Data records
"""

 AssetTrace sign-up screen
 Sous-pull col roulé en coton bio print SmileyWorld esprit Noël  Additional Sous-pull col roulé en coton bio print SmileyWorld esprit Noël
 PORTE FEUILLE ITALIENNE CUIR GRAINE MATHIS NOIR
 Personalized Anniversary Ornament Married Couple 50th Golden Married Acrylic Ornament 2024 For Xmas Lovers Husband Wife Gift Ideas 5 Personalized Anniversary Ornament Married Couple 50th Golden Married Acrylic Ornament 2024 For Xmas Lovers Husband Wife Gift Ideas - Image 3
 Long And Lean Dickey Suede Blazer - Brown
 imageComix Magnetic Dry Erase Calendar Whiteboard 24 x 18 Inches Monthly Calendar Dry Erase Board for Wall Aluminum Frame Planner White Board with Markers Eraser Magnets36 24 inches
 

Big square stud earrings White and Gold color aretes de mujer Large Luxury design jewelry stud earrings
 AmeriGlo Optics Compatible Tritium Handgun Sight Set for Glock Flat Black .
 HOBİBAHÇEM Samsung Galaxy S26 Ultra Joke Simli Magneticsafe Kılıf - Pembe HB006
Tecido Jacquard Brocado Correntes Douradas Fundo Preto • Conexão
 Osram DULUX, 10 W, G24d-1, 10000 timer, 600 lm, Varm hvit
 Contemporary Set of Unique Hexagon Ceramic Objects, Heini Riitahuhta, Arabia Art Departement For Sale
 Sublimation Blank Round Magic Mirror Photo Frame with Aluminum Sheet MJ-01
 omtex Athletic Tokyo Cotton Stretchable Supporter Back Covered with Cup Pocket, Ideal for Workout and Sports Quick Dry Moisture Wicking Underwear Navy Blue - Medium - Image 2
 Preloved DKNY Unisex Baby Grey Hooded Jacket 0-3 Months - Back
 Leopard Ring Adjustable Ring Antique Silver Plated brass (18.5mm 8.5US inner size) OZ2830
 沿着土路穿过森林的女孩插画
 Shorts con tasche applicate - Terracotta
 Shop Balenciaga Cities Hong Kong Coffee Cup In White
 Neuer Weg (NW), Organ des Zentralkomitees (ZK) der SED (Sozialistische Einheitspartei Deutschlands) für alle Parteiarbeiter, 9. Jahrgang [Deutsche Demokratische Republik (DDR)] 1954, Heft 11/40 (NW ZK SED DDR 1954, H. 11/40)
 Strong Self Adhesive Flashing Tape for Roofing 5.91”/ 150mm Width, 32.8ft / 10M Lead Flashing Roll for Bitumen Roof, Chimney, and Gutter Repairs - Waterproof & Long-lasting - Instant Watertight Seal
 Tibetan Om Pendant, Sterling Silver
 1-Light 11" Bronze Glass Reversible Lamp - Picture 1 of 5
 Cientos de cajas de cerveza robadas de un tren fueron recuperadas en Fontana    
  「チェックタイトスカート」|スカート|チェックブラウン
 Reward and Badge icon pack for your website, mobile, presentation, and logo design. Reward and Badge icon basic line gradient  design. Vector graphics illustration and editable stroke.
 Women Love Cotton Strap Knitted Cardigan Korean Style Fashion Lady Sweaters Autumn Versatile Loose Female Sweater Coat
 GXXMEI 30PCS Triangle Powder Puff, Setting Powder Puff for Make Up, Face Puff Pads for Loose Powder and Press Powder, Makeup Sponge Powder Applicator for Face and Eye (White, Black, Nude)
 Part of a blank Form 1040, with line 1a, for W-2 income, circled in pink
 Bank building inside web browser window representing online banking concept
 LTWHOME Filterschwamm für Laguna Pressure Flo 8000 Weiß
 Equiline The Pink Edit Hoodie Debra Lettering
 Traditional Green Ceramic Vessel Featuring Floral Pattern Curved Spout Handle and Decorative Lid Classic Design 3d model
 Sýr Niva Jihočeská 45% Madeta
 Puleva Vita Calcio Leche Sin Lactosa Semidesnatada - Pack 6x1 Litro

"""

Aim of the exercise:
Please output only the lines from the first line of the entries through the line with "Preloved DKNY Unisex", both included, exactly as written.

Task solution:
 AssetTrace sign-up screen
 Sous-pull col roulé en coton bio print SmileyWorld esprit Noël  Additional Sous-pull col roulé en coton bio print SmileyWorld esprit Noël
 PORTE FEUILLE ITALIENNE CUIR GRAINE MATHIS NOIR
 Personalized Anniversary Ornament Married Couple 50th Golden Married Acrylic Ornament 2024 For Xmas Lovers Husband Wife Gift Ideas 5 Personalized Anniversary Ornament Married Couple 50th Golden Married Acrylic Ornament 2024 For Xmas Lovers Husband Wife Gift Ideas - Image 3
 Long And Lean Dickey Suede Blazer - Brown
 imageComix Magnetic Dry Erase Calendar Whiteboard 24 x 18 Inches Monthly Calendar Dry Erase Board for Wall Aluminum Frame Planner White Board with Markers Eraser Magnets36 24 inches
 

Big square stud earrings White and Gold color aretes de mujer Large Luxury design jewelry stud earrings
 AmeriGlo Optics Compatible Tritium Handgun Sight Set for Glock Flat Black .
 HOBİBAHÇEM Samsung Galaxy S26 Ultra Joke Simli Magneticsafe Kılıf - Pembe HB006
Tecido Jacquard Brocado Correntes Douradas Fundo Preto • Conexão
 Osram DULUX, 10 W, G24d-1, 10000 timer, 600 lm, Varm hvit
 Contemporary Set of Unique Hexagon Ceramic Objects, Heini Riitahuhta, Arabia Art Departement For Sale
 Sublimation Blank Round Magic Mirror Photo Frame with Aluminum Sheet MJ-01
 omtex Athletic Tokyo Cotton Stretchable Supporter Back Covered with Cup Pocket, Ideal for Workout and Sports Quick Dry Moisture Wicking Underwear Navy Blue - Medium - Image 2
 Preloved DKNY Unisex Baby Grey Hooded Jacket 0-3 Months - Back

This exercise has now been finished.